Taoiseach Enda Kenny should be among those called before the banking inquiry, the newest member of the committee has said. Socialist TD Joe Higgins has been nominated by the technical group to replace Independent TD Stephen Donnelly, who quit the inquiry at the weekend in protest at the Government's move to restore its majority by adding two members. The committee will meet in private for the first time tomorrow.
“I am sure that the taoiseach who was in charge of the country when the property bubble was being blown up, taoiseach Bertie Ahern, will be brought before the inquiry,” Mr Higgins said. “Taoiseach [Brian] Cowen, who presided over the initial bailout, and I also believe that Taoiseach [Enda] Kenny, who continued the bailout, should be among those who would be called.”
A Government spokesman said the selection of people to be invited to appear before the committee was a matter for the committee itself.
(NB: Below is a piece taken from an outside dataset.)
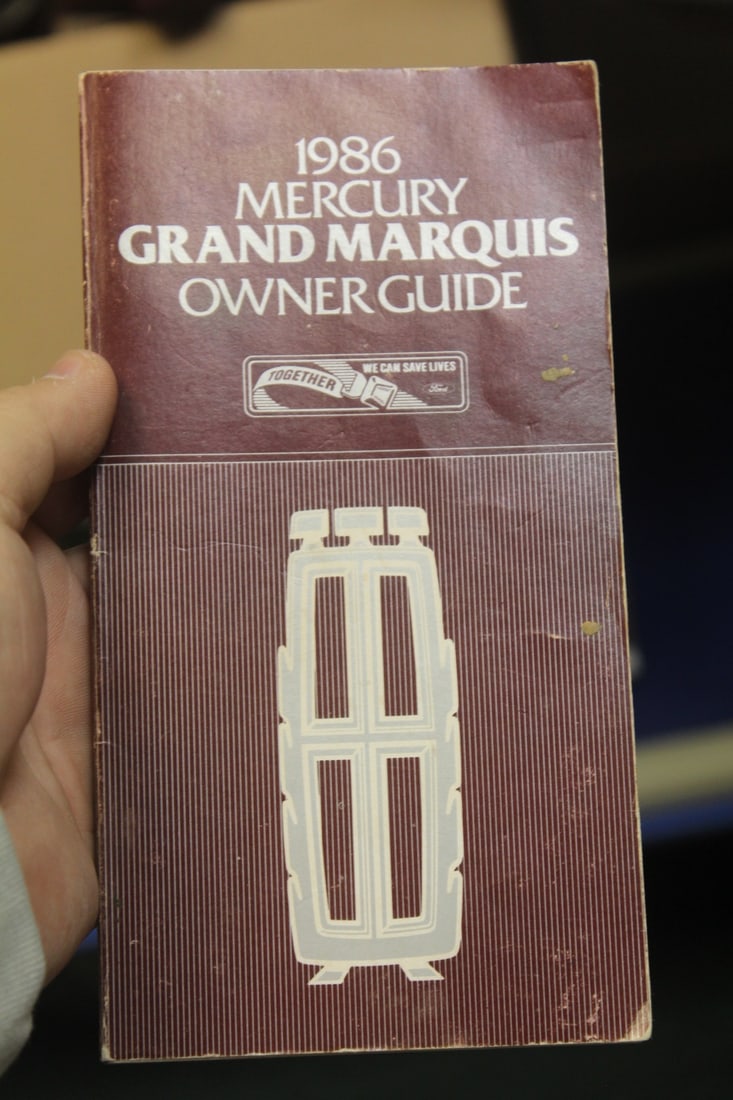 1986 Mercury Grand Marquis Owner Guide: as shown 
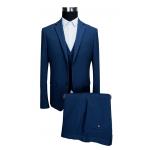 Woven Fabric Mens 3 Pieces Suit Official Color Navy Mel Color Both In Stock and OEM for sale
Mr Cowen has previously confirmed he would attend such an inquiry and offer whatever assistance he could.
Mr Higgins said the actions of the present Government “in continuing the policy of bailout and austerity” should also be examined, along with the role played by European institutions. “The issue of the pressure brought to bear by the European institutions and the troika has to be elucidated. I will be looking for all secret correspondence to be published and made public.”
Mr Higgins said “establishment politicians” were in the majority on the committee. He saw it as his duty to take a place on the panel and hold to account those who were in positions of responsibility in politics, banking and construction.
However, he said he would have preferred a committee composed of “the ordinary people of the country” who had suffered as a consequence of the property crash. He criticised the Government’s efforts to secure a majority on the committee as “unbelievably crude and hamfisted”. He said the inquiry should not be limited in focus to the bank guarantee of 2008.
He was the only member of the technical group to put himself forward as a candidate for the banking inquiry when the group met yesterday afternoon. Mr Donnelly’s departure left the technical group with no representation on the committee. There was no objection to his candidacy, but different views were expressed as to the merits or otherwise of the technical group being represented on the inquiry.
Earlier, Sinn Féin finance spokesman Pearse Doherty robustly defended his decision to remain on the committee following Mr Donnelly’s departure.
He said the Government had done damage to the public perception of the inquiry. However, he added: “I think the public want to know and see us question the bankers, the politicians, the developers, the regulators in the public domain. I think there’s an appetite for that to happen and I want to be in the room when those questions are being asked and those questions are being answered.” He reiterated his call for the two Coalition Senators added by the Government to the committee – Labour’s Susan O’Keeffe and Michael D’Arcy of Fine Gael – to resign.
Meanwhile, Minister for Public Expenditure and Reform Brendan Howlin said it was incorrect to characterise the Government’s addition of two Senators on the committee as undemocratic. It was “a little bit rich” to hear such commentary, he suggested. The notion that the two representatives of the Seanad on the inquiry would come from the minority side was unacceptable, he said.